Da es nicht immer so klare Indizien für die Infektion mit einem Schadprogramm gibt wie den Sperrbildschirm einer Ransomware oder die Warnmeldung eines Virenschutzprogramms, kann sie längere Zeit unbemerkt bleiben. Entsprechend lang kann der eingeschleuste Schädling sein kriminelles Werk verrichten – etwa, indem er einen PC oder auch ein Smart-TV in ein Botnetz integriert, um diese Geräte dann ferngesteuert zum Beispiel für einen Denial-Of-Service-Angriff oder zum Versand von Spam-Mails zu missbrauchen. Achten Sie in diesem Kontext auf die Berichterstattung in den Medien und berücksichtigen Sie Warnmeldungen von offiziellen Stellen. Unter unserer Rubrik BürgerCERT finden Sie stets aktuelle Sicherheitshinweise kombiniert mit entsprechenden Handlungsempfehlungen. Viele Menschen ignorieren noch immer Hinweise auf konkrete Cyber-Gefahren. So berichtete die Presse beispielsweise ausführlich über das Botnetz Avalanche. Nachdem es Ende 2016 gelungen war, das Botnetz zu zerschlagen, konnten potenziell Betroffene dank einer engen Kooperation zwischen Internetprovidern und dem BSI anhand von Informationen aus einem sogenannten Sinkhole Server gewarnt und zur Bereinigung ihrer Systeme aufgefordert werden. Sie wurden dazu sogar persönlich von ihren Internetprovidern angeschrieben – gleichwohl lag die Infektionsquote fast ein Jahr später noch immer bei 39 Prozent des ursprünglichen Werts.

Passwörter erneuern!

Wenn sich trotz aller Vorsichtsmaßnahmen ein Schadprogramm auf Ihrem PC, Tablet oder Smartphone eingenistet hat, ist die Gefahr groß, dass Ihre persönlichen Zugangsdaten ausgespäht wurden. Sie sollten daher sofort Ihre PIN-Codes und Passwörter für Online-Banking, Accounts bei Online-Shops und Internet-Zahlungsdienstleistern sowie für wichtige persönliche Zugangskonten wie den E-Mail-Account ändern. Aber: Tun Sie dies keinesfalls an dem mutmaßlich infizierten Gerät, sondern unbedingt an einem sauberen, von Schadprogrammen freien Computer. Wir geben Ihnen Tipps, wie Sie neue, sichere Passwörter erstellen können, die für Cyber-Kriminelle schwer zu knacken sind.
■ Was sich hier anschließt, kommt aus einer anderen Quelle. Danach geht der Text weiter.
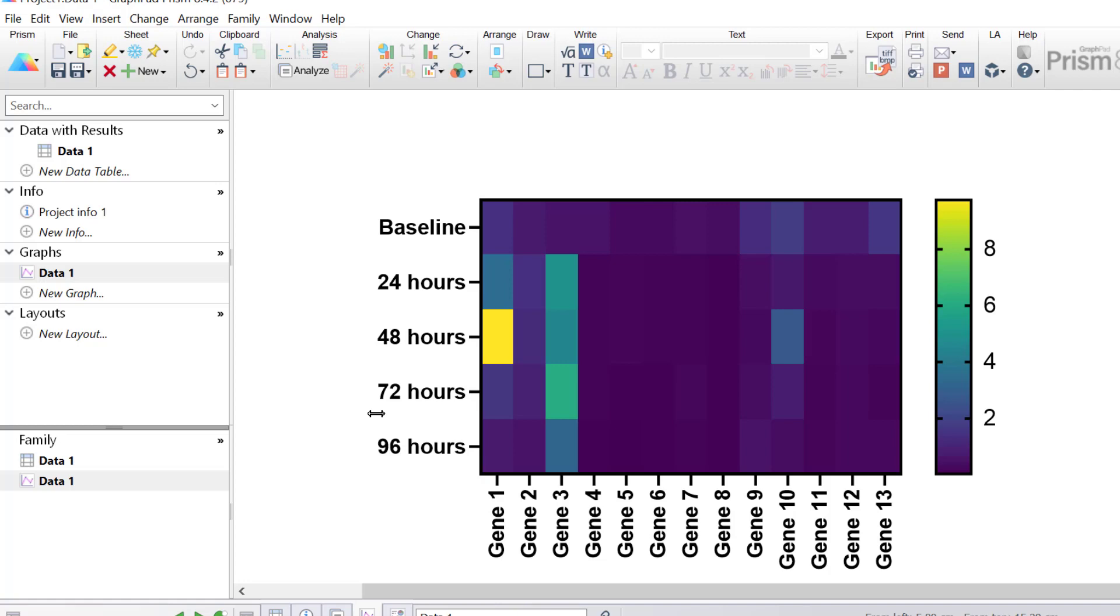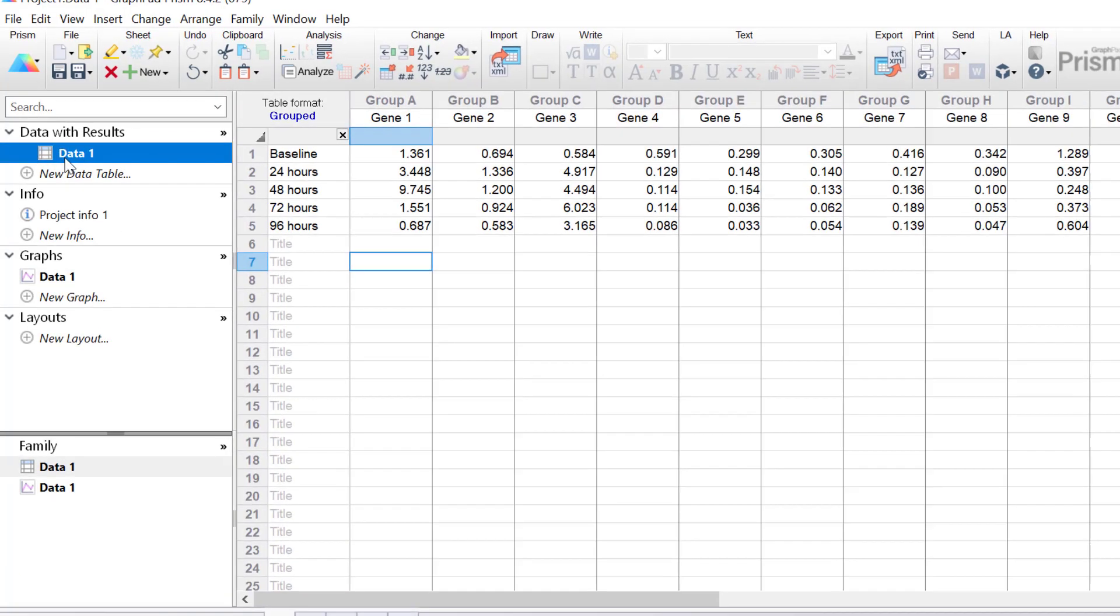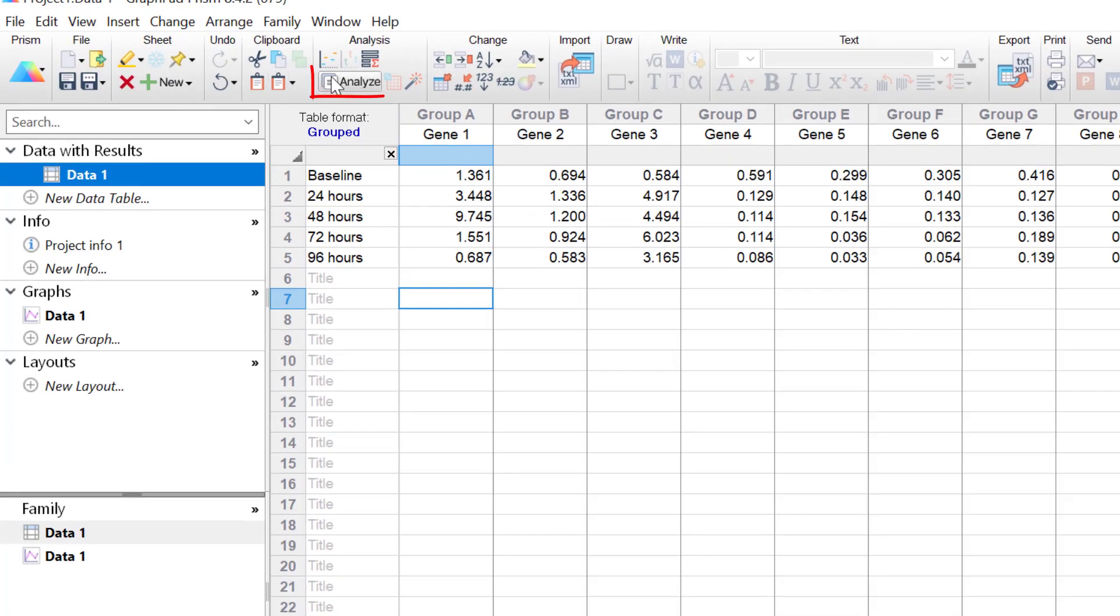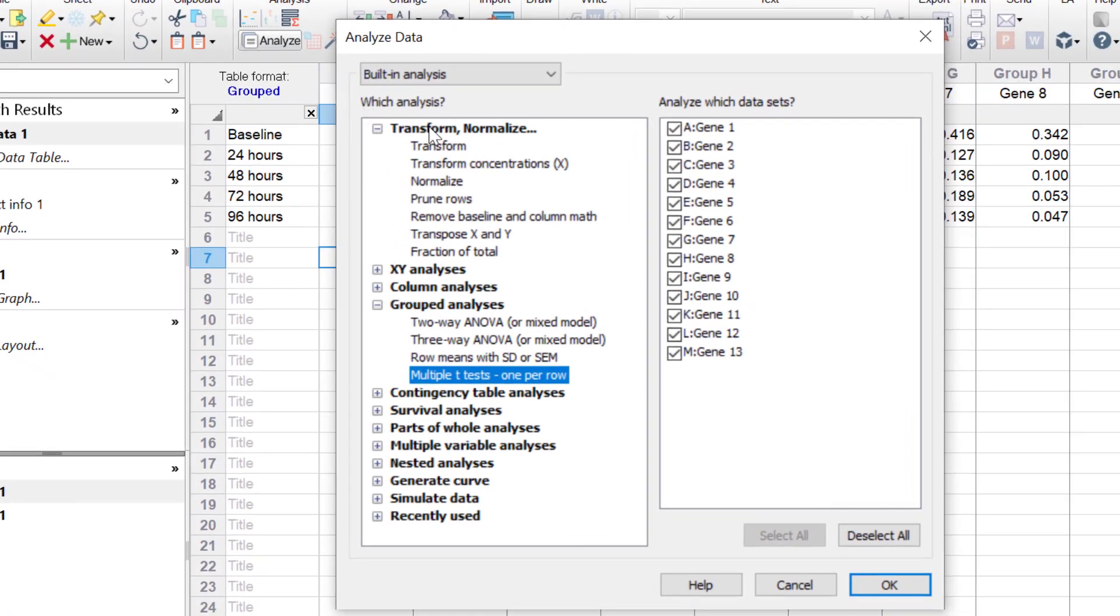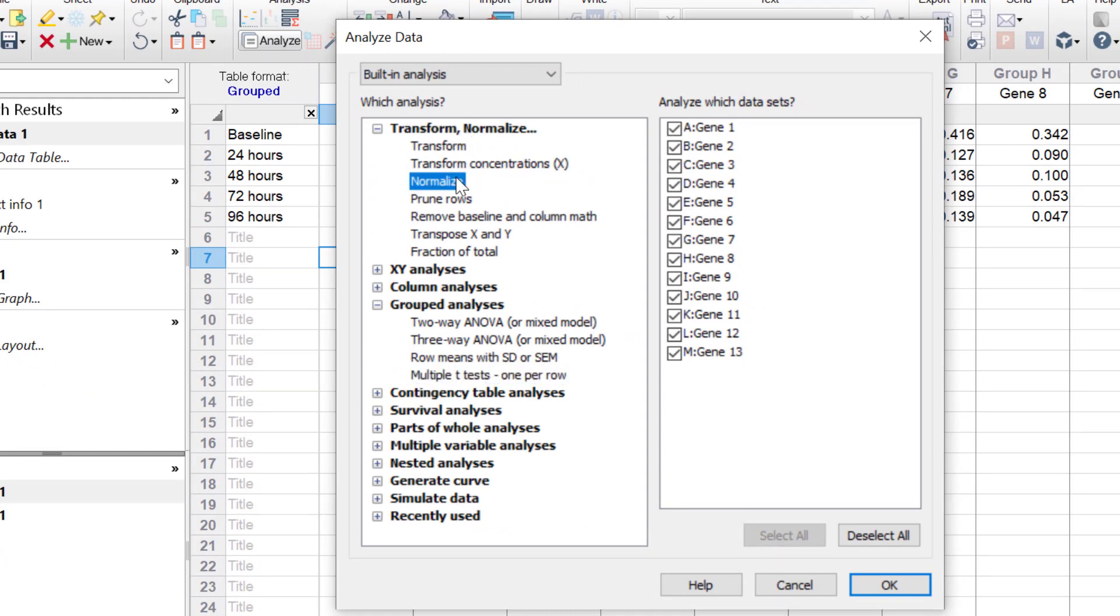At the minute, the raw data does not achieve this, since it is taking into account all of the data for all of the genes. So to normalise my data, I will click on my data table, I'll then click the Analyse button at the top. Under Transform and Normalise, I'm going to select the Normalise option.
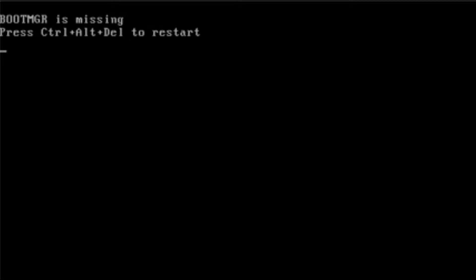Basically, if the Boot MGR file becomes either corrupted, if it's deleted accidentally, or maliciously deleted by a virus or a piece of software, it can stop your machine from starting.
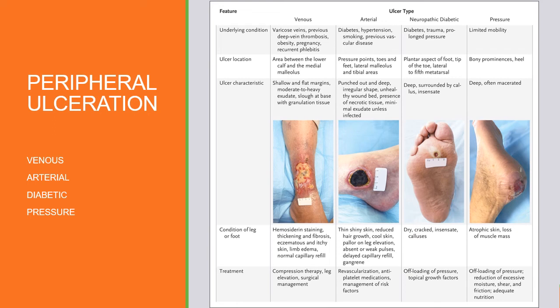Pressure injuries — previously called pressure ulcers or decubitus ulcers — are due to decreased mobility and prolonged pressure on a surface, such as a bony prominence against a surface. Common sites include the heel, sacrum, spine, scapula, occiput, elbows, ears, and nose. Medical device pressure injuries can also occur. The skin is usually atrophic with loss of muscle mass. The goal is to offload pressure, reduce moisture, shear, and friction, and supply adequate nutrition in the form of fluid and protein to enhance healing.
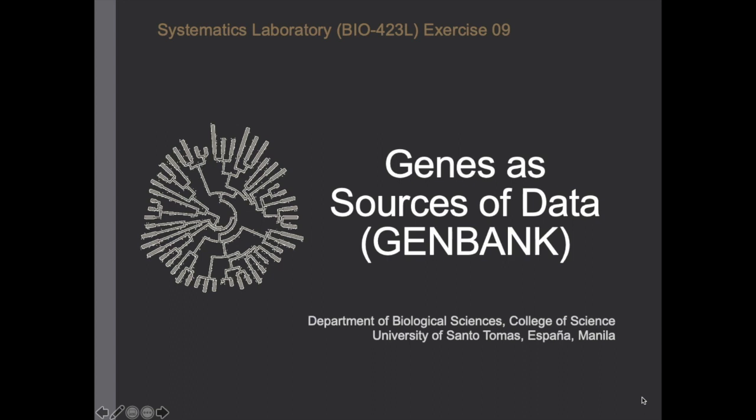Hello everyone, this is a pre-lab for Systematics Laboratory Exercise 9, which is all about genes and sources of data. Particularly, we're going to focus on features of GenBank.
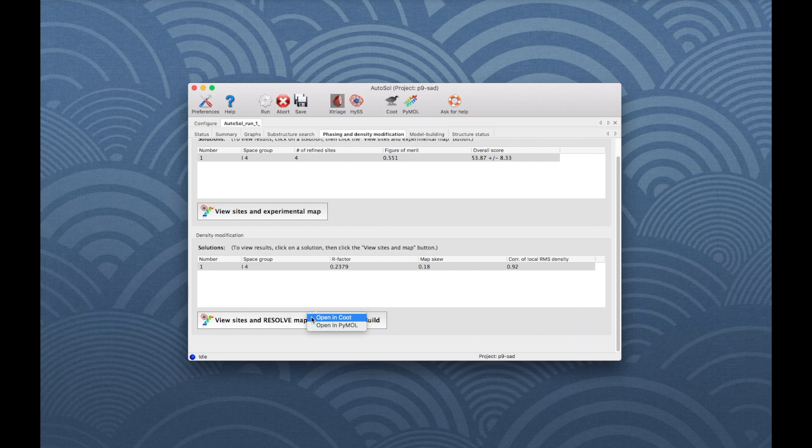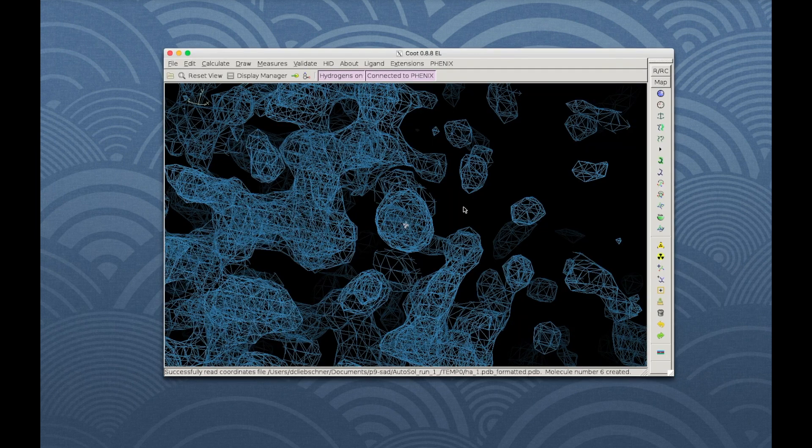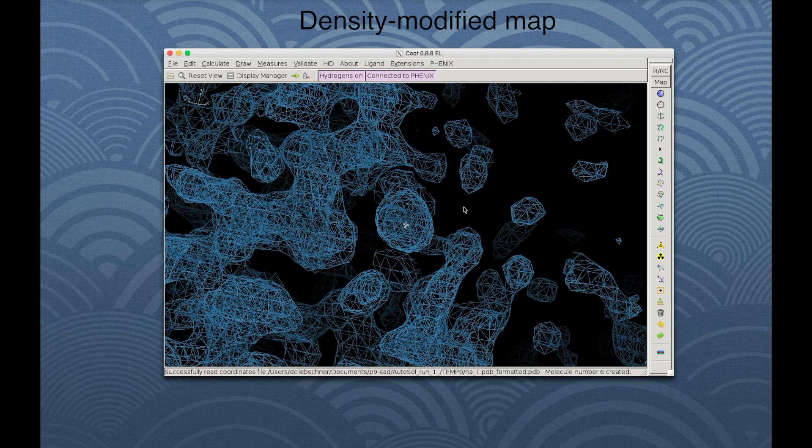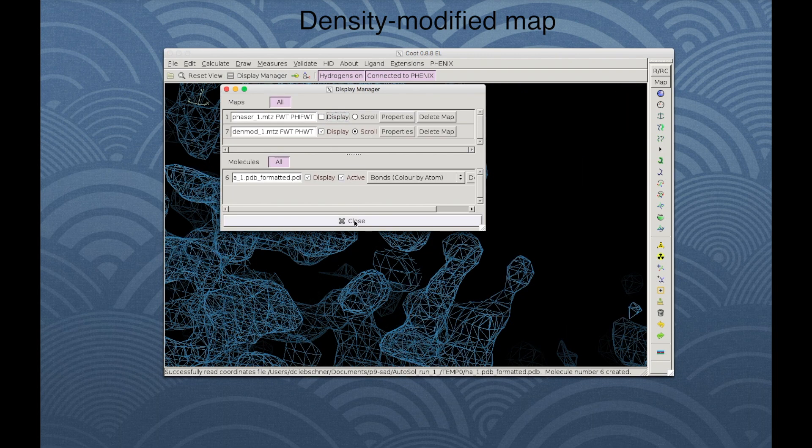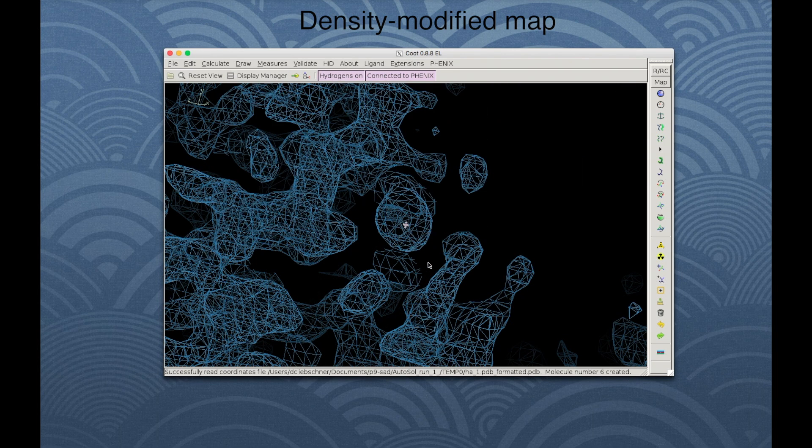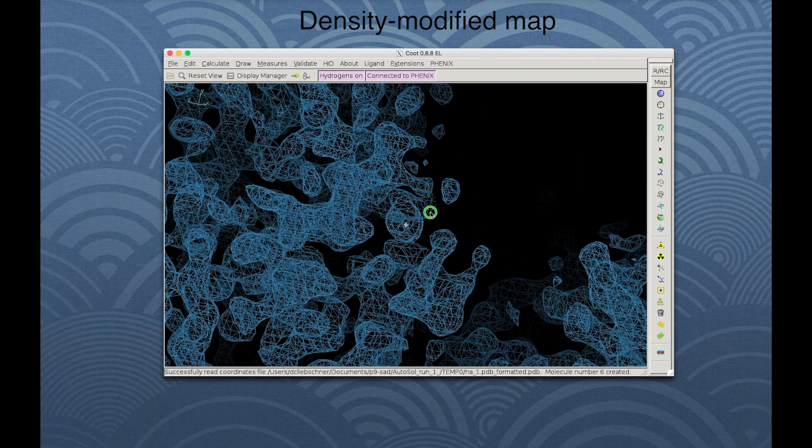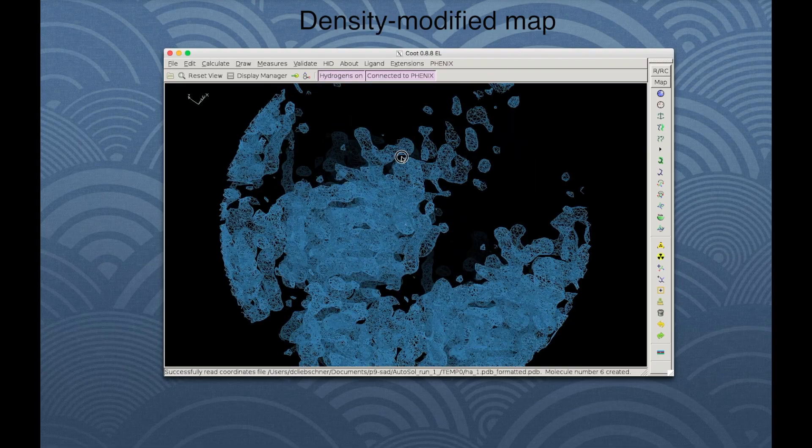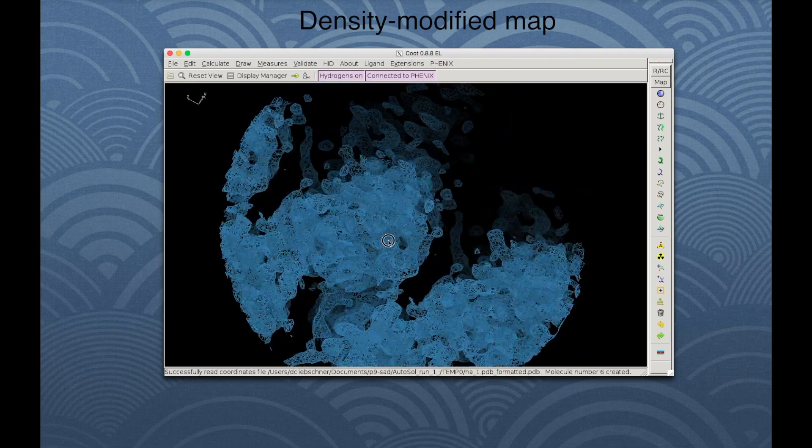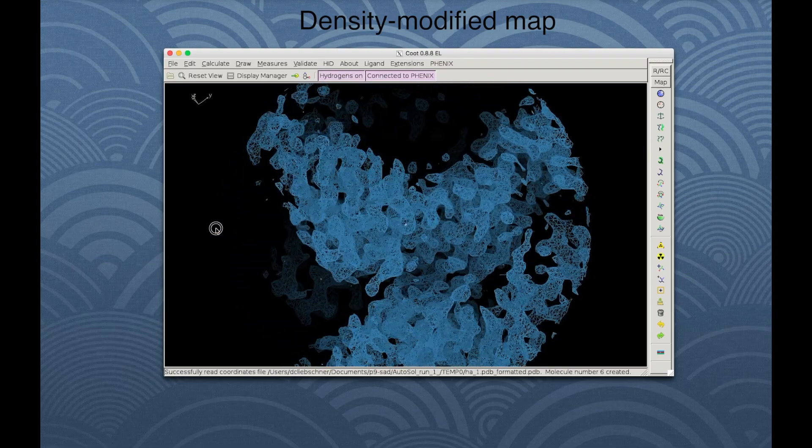Highlight Solution 1 in the lower part. Click on View Sites and Resolve Map and then Open in Coot. The density modified map appears on top of the experimental map in the Coot window. To hide the previous map, click on Display Manager and uncheck Phaser-1.mtz. The density modified map is greatly improved, as the density shows connected volumes for the protein chain.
Anschließend sollten Sie Ihre Kontoauszüge prüfen und sich gegebenenfalls im Portal Ihres Internet-Zahlungsdienstleisters wie beispielsweise PayPal einloggen, um herauszufinden, ob Unbefugte widerrechtlich Buchungen vorgenommen haben. Ratsam ist es zudem, alle aktuellen Bestellungen bei Online-Händlern zu kontrollieren – im Fall der Fälle lässt sich eine fremde Order unter Ihrem Namen eventuell noch rechtzeitig stornieren.